### WHAT NEEDS TO BE DONE
From the line containing "Alertan por propagación" through the last line of the records below, output every line exactly, both ends included, except the pictures.

*-*-*

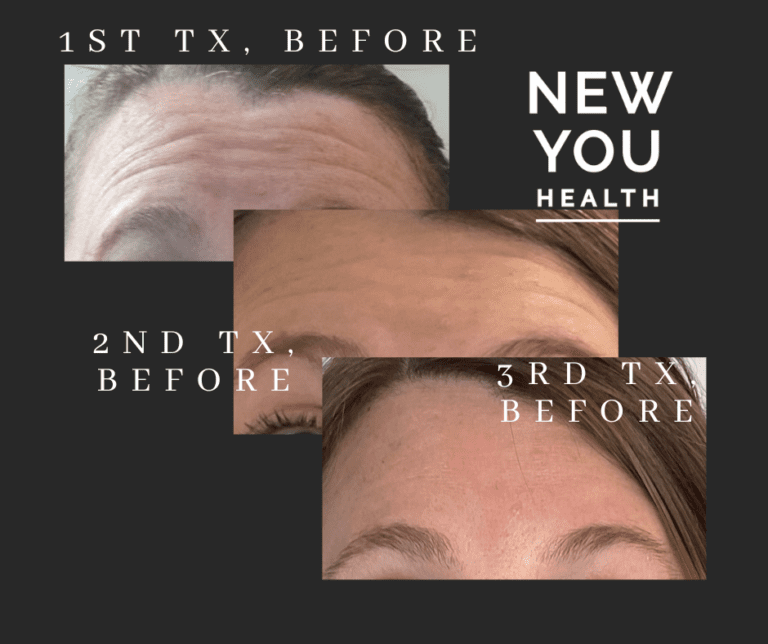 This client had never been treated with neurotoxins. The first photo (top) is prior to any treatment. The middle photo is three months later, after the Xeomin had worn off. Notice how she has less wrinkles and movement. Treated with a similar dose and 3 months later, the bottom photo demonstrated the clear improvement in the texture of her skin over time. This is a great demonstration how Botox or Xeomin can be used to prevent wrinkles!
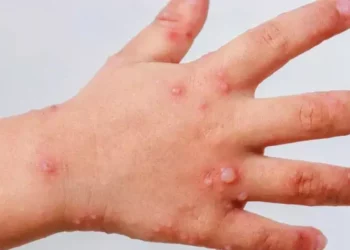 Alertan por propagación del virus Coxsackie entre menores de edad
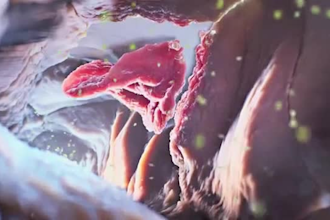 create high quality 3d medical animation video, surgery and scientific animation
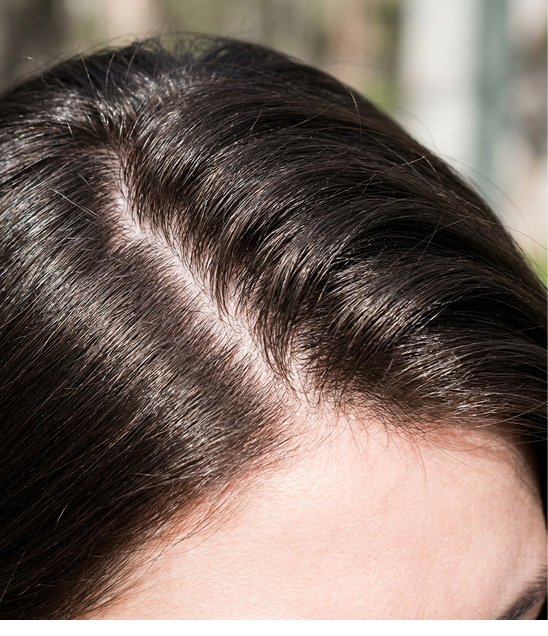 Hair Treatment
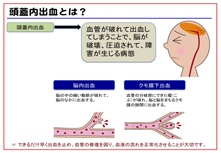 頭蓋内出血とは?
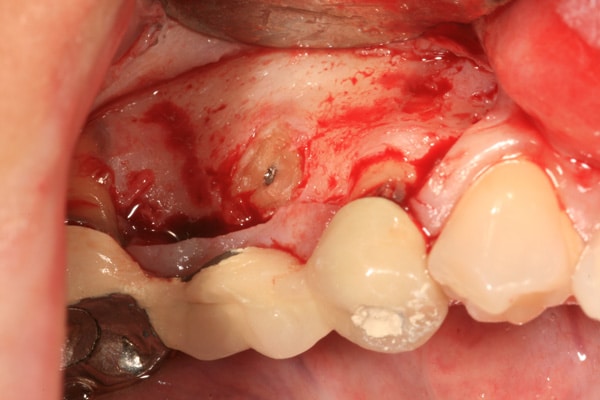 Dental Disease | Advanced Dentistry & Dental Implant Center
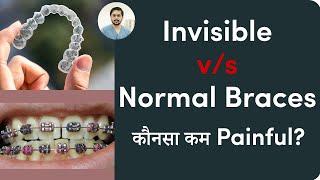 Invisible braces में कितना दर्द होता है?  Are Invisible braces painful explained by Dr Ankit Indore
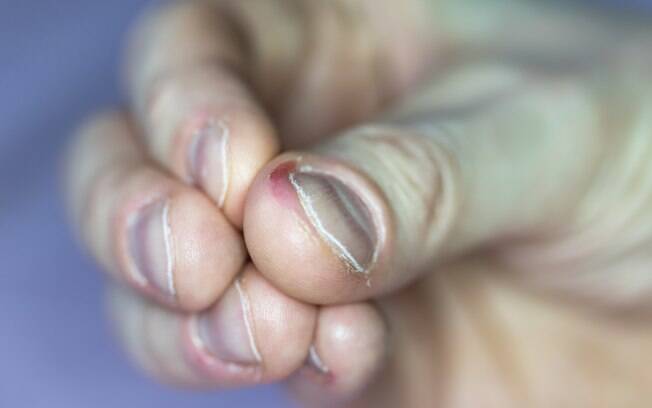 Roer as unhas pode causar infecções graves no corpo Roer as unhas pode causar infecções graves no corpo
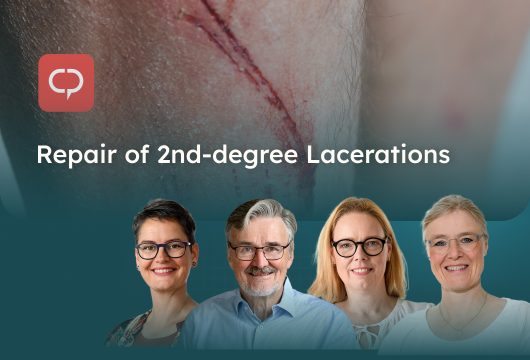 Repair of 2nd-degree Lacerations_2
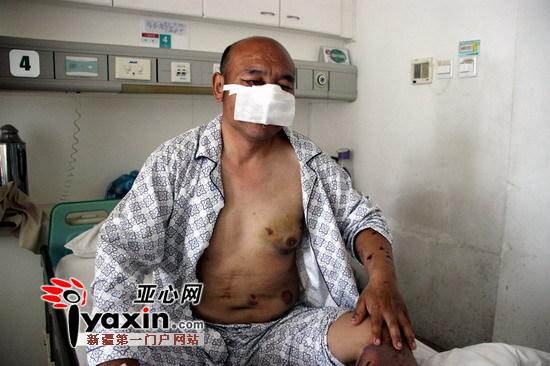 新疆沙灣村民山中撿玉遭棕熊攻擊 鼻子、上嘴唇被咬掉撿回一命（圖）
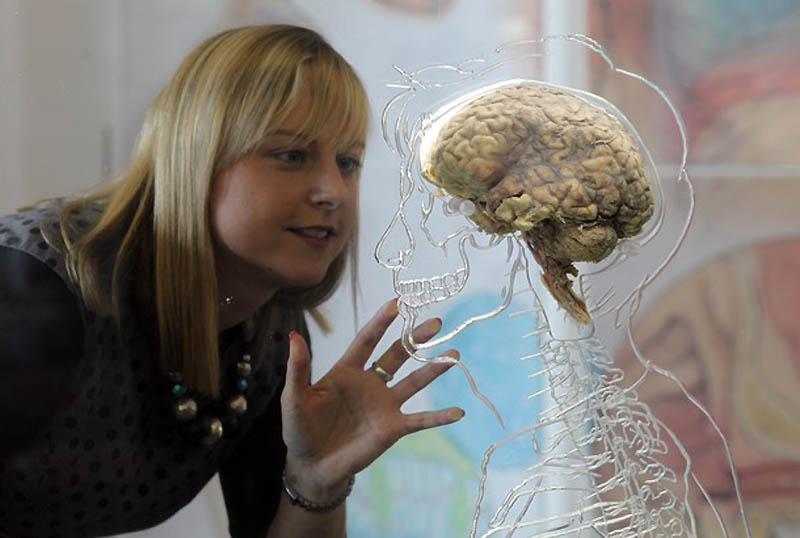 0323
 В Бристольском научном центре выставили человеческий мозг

*-*-*

### ANSWER FOR THE TASK
 Alertan por propagación del virus Coxsackie entre menores de edad
 create high quality 3d medical animation video, surgery and scientific animation
 Hair Treatment
 頭蓋内出血とは?
 Dental Disease | Advanced Dentistry & Dental Implant Center
 Invisible braces में कितना दर्द होता है?  Are Invisible braces painful explained by Dr Ankit Indore
 Roer as unhas pode causar infecções graves no corpo Roer as unhas pode causar infecções graves no corpo
 Repair of 2nd-degree Lacerations_2
 新疆沙灣村民山中撿玉遭棕熊攻擊 鼻子、上嘴唇被咬掉撿回一命（圖）
 0323
 В Бристольском научном центре выставили человеческий мозг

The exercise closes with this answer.